Anachronism and anomie are the keynotes of Cullman’s inventive production. That platform set, by Mark Wendland, is lit by Ben Stanton with soft Chinese lanterns and harsh fluorescents; the costumes, by Paloma Young, are winkingly contemporary, with lacy yoga pants for the arriviste Natasha (Sas Goldberg) and Playbill pajamas for Masha’s apparently closeted husband, Kulygin (Ryan Spahn). The soundscape samples Whitney Houston, Russian rap and “Into the Woods.”

This aesthetic discipline supports Feiffer’s tone at every turn. Cullman makes even the scene changes comply, so that the fire occurring during what was once the break between Act 2 and Act 3 is now a staged “fire,” all garish red lights and choreographed chaos.

With most of the play’s events in quotation marks, you’d think there would be nothing left for the characters to do but mouth their lines. Yet Feiffer, here as in “The Pain of My Belligerence” and “I’m Gonna Pray for You So Hard,” manages to leave room for piquant acting within her overwrought concepts.

In “Moscow,” which is gorgeously and nontraditionally cast, real feeling does push through the sarcasm from time to time. Masha’s desperate passion for the soldier Vershinin (Alfredo Narciso) is made in no way ridiculous by the fact that Perfetti is plainly a man in a dress. The paternal love that the doctor, Chebutykin, feels for Irina is no less touching now that the text spells out what used to be subtext; Ray Anthony Thomas nails it beautifully anyway.

I was especially taken by the way Goldberg as Natasha and Matthew Jeffers as the “freak” soldier Solyony do justice to their characters’ repellency while also suggesting its causes. Jeffers especially shows us, in a kind of preview of incel culture, that the moral idleness and emotional obtuseness of the highborn Prozorovs reverberates disastrously beyond their privileged household.
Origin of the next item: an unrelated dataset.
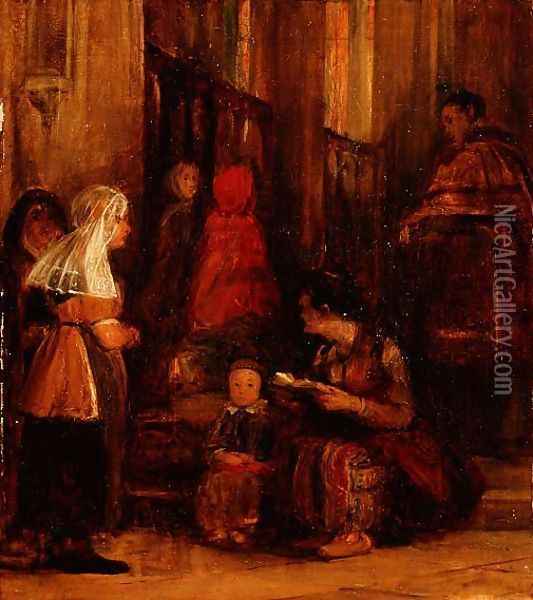 Seven Figures in a Church Oil Painting - Sir David Wilkie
But all of this real feeling is Chekhov’s; the cast might just as creditably have performed the original “Three Sisters.” Despite her skill and wit, I’m not sure what Feiffer has added to it, even as it’s clear what she has subtracted. Masha, the idlest sister, encapsulates the nihilism of the adaptation’s ethos when she says, “That’s what life is, I think? Just doing horrible things? And complaining about them?”

As a dramatist, Chekhov wasn’t nihilistic. For him, the struggle against despair was endlessly engaging even though despair itself was not. Despite a tacked-on semi-happy ending, “Moscow” flips those polarities, reveling in hatefulness and hopelessness. That may be timely but, as Chekhov never said, it’s also a bit too obvi.

“Moscow Moscow Moscow Moscow Moscow Moscow” runs through Aug. 3 at the Susan and Ronald Frankel Theater at the Robert W. Wilson MCC Theater Space, Manhattan; 646-506-9393, mcctheater.org. Running time: 1 hour 35 minutes.